TO DO:
In the listing below, which lines contain the string "Women"? Copy them all.

┄┄┄┄┄┄┄┄┄┄┄┄┄┄┄┄┄┄┄┄

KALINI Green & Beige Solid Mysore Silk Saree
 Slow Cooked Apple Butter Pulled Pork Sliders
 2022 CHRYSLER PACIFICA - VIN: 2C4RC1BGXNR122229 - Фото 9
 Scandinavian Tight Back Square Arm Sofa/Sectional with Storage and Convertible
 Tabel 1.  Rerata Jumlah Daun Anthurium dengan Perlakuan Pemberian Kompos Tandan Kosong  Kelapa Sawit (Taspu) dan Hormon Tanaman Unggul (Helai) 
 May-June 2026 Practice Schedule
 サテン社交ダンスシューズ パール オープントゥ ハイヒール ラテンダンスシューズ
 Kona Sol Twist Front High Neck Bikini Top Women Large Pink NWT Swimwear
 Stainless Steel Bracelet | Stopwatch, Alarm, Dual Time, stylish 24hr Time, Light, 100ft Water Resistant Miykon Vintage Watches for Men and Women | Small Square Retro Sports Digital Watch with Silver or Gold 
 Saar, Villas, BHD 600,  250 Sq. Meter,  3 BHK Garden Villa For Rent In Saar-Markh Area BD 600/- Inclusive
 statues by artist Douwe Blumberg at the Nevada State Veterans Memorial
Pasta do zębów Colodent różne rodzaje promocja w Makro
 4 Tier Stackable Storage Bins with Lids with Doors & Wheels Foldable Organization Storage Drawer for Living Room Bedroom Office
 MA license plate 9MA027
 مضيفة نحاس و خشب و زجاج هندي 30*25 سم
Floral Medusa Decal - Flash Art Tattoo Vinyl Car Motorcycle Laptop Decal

┄┄┄┄┄┄┄┄┄┄┄┄┄┄┄┄┄┄┄┄

ANSWER TO THE PROBLEM:
 Kona Sol Twist Front High Neck Bikini Top Women Large Pink NWT Swimwear
 Stainless Steel Bracelet | Stopwatch, Alarm, Dual Time, stylish 24hr Time, Light, 100ft Water Resistant Miykon Vintage Watches for Men and Women | Small Square Retro Sports Digital Watch with Silver or Gold 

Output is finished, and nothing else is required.